Precisamos falar sobre a “cultura do estupro”, mas, primeiramente, precisamos entender o que é “cultura”.
Etimologicamente, “cultura” vem do latim e significa tratar ou cultivar algo (no sentido físico e moral). Antropologicamente, “cultura” é o conjunto de comportamentos, crenças e costumes que definem um grupo social. O Brasil é um país culturalmente rico. Sua cultura tem interferências de, pelo menos, 15 povos, desde a sua colonização. Eles influenciaram diretamente a nossa língua, a nossa literatura, a religião, a música, a arquitetura, a gastronomia e, claro, o comportamento.
Podemos dizer que muitas coisas compõem a nossa cultura. O samba e a bossa nova. O Futebol. Filas quilométricas. Carnaval e Frevo. Trânsito. Burocracia. Estacionar em vaga para deficiente. Cachaça com limão. Pizza com dois sabores. Tudo isso está enraizado.
“Tá. Mas onde o estupro entra aí?”
Aí é que tá: ele não entra. Entende? Ele não faz parte da nossa cultura como faz da cultura indiana e paquistanesa, por exemplo. Nesses lugares, não só é normal a prática de estupro como toda responsabilidade é atribuída à vitima. Aqui não. O estupro, aqui, não é aceito pela sociedade. Não é. Aliás, nem mesmo outros temidos criminosos “toleram” violência sexual contra a mulher – a exemplo, é só observar o que acontece com um estuprador quando ele chega à penitenciária.

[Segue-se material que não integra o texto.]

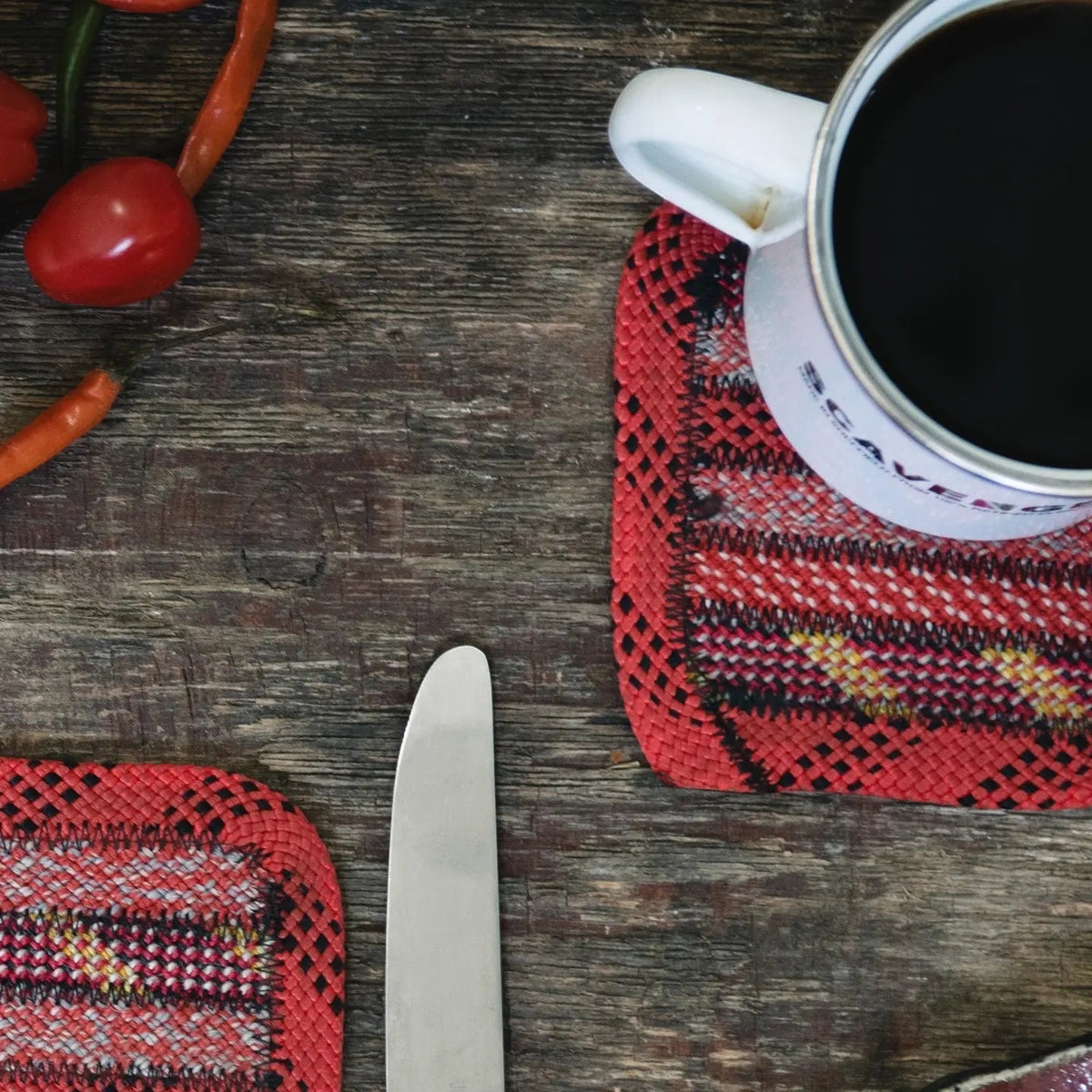 Eco-friendly Scavenger climbing rope coasters hold a cup, knife, and veggies for stylish, sustainable home kitchen décor.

Há, no Brasil, um repúdio consensual.
“Ah, mas e o que explica tantos estupros aqui? São muitos!”
São. Não deveria acontecer 1. Mas se queremos relacionar o estupro à cultura, que seja à cultura de impunidade. O termo “cultura do estupro” surgiu para designar uma série de práticas sociais que naturalizam a prática do estupro, mas, no Brasil, não há um culto, uma veneração, tampouco uma naturalização a isso. Há quando falamos da condição de impune. Crimes são cometidos à toa e nada se faz para que isso mude. O que explicaria, então, 60.000 homicídios por ano? Uma “cultura da morte”? Pois bem.
Quando dizemos que o estupro é algo cultural, estamos afirmando que todos nós somos condescendentes com ele. Ou, pior, que nós somos corresponsáveis. Eu não sou. Outros homens que conheço e fazem parte do meu convívio também não. E você que lê esse texto, certamente não é. Esse tipo de crime, tão cruel e covarde, é cometido apenas em razão de um caráter desumano e bestial, jamais de uma herança deixada pela nossa cultura.
“Ah, mas vai negar que nossa sociedade é machista e o comportamento masculino é tosco?”
Não. Isso é pura verdade. Mas relacionar certos comportamentos machistas à concretização de um estupro é uma atitude inconsequente. Entre assobiar pra uma mulher na rua e fazer sexo com ela de maneira forçada há um caminho longo.
O primeiro é aceitável? Não. Mas o primeiro resulta, necessariamente, no segundo? De forma alguma. Eu posso garantir, inclusive, que o homem do fiu-fiu é o mesmo que mataria um cara se o visse estuprando uma mulher. Falar em “cultura do estupro”, usando como exemplos cantadas invasivas, é banalizar o sofrimento de muitas vítimas por aí. É ridicularizar a gravidade do crime.
Há muita coisa por trás desse discurso de “cultura do estupro”. É preciso ver além. Com a melhor das intenções, queremos ajudar e, sem saber, acabamos fomentando uma pauta ideológica, não uma causa real. O mundo tá cheio de oportunista – gente que encontra no caos e na barbárie brechas para hastear suas bandeiras. Be careful.